In Sheffield City Council v Norouzi, the EAT ruled that the Council was liable for acts of racial harassment carried out by a child in a care home against one of its employees because it knew harassment was occurring but failed to intervene.
Mr Norouzi is of Iranian origin and employed as a residential social worker in a home for troubled young children. One child was regularly offensive to him on racial grounds. She told him to go back to his own country and mocked and mimicked his accent. He became increasingly upset by her behaviour. Management were aware of the situation, but although one intervention took place, there were no further attempts to deal with the problem and the racist behaviour was allowed to persist.
A tribunal upheld Mr Norouzi’s claim of harassment under the Race Relations Act, noting the High Court’s decision in R (Equal Opportunities Commission (EOC)) v Secretary of State for Trade and Industry  IRLR 327, which held that an employer could be held liable for sexual harassment where it knows there is a continuing course of third party harassment but does nothing to stop it.
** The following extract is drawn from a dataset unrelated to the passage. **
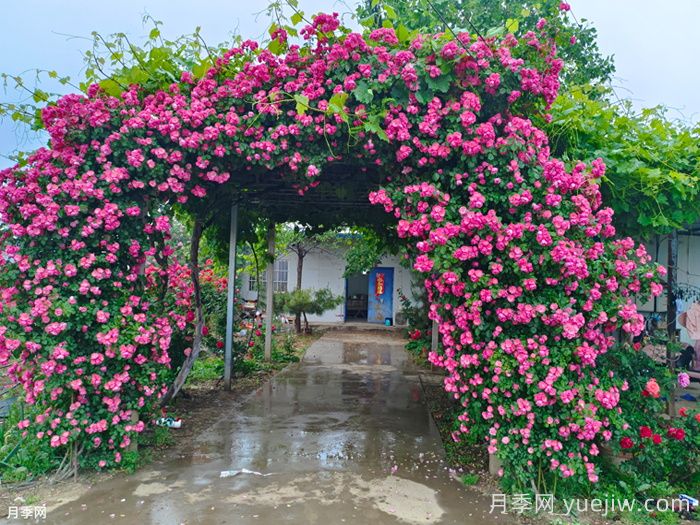 藤本月季的花期控制办法(图1)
The EAT upheld the tribunal’s decision. While the Council were not liable for the actions of children in its care, the principles in the EOC decision applied equally to racial harassment claims. The Council were liable, because they were aware of the racial abuse but had not done enough to protect Mr Norouzi.
While S.40 of the Equality Act 2010 now provides that employers are liable if they knowingly fail to protect their employees from repetitive harassment by third parties, the Government has announced that it will consult on “this unworkable requirement” to determine whether it should be abolished. This case shows that even if the legislation is repealed, claims for third party harassment may still succeed.